Остальные – «девки» – не только не названы, но и напрочь лишены лиц и даже тел, хотя при этом зачем-то зафиксированы. Их как будто не существует, как не существует и самой связи с ними. Существенным является чувство после соития. И каждый раз это какой-то ад в душе! «Не мог удержаться, подал знак чему-то розовому, к<оторое> в отдалении казалось мне очень хорошим, и отворил сзади дверь. – Она пришла. Я ее видеть не могу, противно, гадко, даже ненавижу…» (18 апреля 1851 года).
Донжуанский список молодого Толстого поражает не количеством и разнообразием, а масштабом страдания из-за того, чего нет, чего не видишь, не чувствуешь, но что тем не менее оставляет в душе какой-то трупный яд, невыветриваемый запах разлагающейся плоти.
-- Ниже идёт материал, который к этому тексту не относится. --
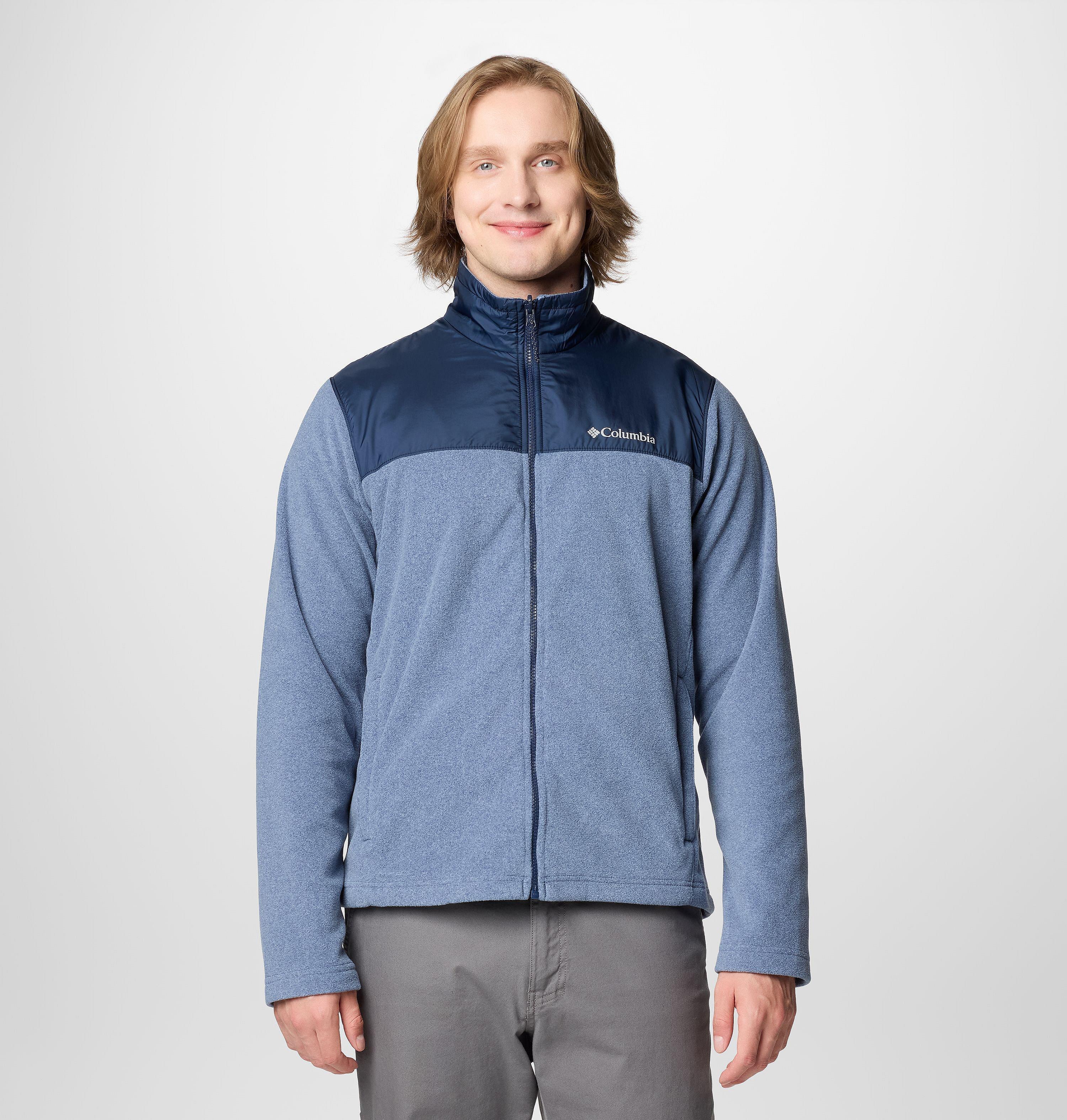Men's Bugaboo III Fleece Interchange Jacket - Tall 11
И очень может быть, что это переживание гораздо оскорбительнее для женского взгляда.
Во всяком случае, чуткая Софья Андреевна, постоянно на протяжении всей жизни перечитывавшая ранний дневник мужа, который притягивал ее как магнит, страдала не от того, что Лёвочка слишком весело проводил свои молодые годы. В конце концов, как внимательный читатель этого дневника, она не могла не обратить внимание на запись 1850 года, когда двадцатидвухлетний Толстой прожигал жизнь в Москве: «Пустившись в жизнь разгульную, я заметил, что люди, стоявшие ниже меня во всем, в этой сфере были гораздо выше меня; мне стало больно, и я убедился, что это не мое назначение». Не могла она не оценить и другую фразу из дневника: «Я невыносимо гадок этим бессильным поползновением к пороку. Лучше бы был самый порок».
Нет, совсем не ранняя испорченность мужа терзала ее, а то, как он относился к этому.
Тем более что это отношение не менялось с годами. Семейная жизнь не выветрила трупного запаха из его памяти. «Связь мужа с женой, – пишет Толстой в записной книжке уже зрелых лет, – не основана на договоре и не на плотском соединении. В плотском соединении есть что-то страшное и кощунственное. В нем нет кощунственного только тогда, когда оно производит плод. Но всё-таки оно страшно, так же страшно, как труп». Фраза «преступно спал» из дневника семейных лет не могла не оскорблять супругу.
И все-таки Толстой действительно был монстром или, по-русски говоря, чудовищем. Но совсем не в том смысле, как это представляют себе поклонники мифа о «противоречивом» Толстом, который в молодости славно погрешил, а в старости крупно покаялся. Он был чудовищем потому, что его моральные переживания всегда были категоричны и гипертрофированны. Своими чудовищными размерами они просто не вмещались в обыденную мораль. Конечно, жить с таким сложным человеком было большим испытанием!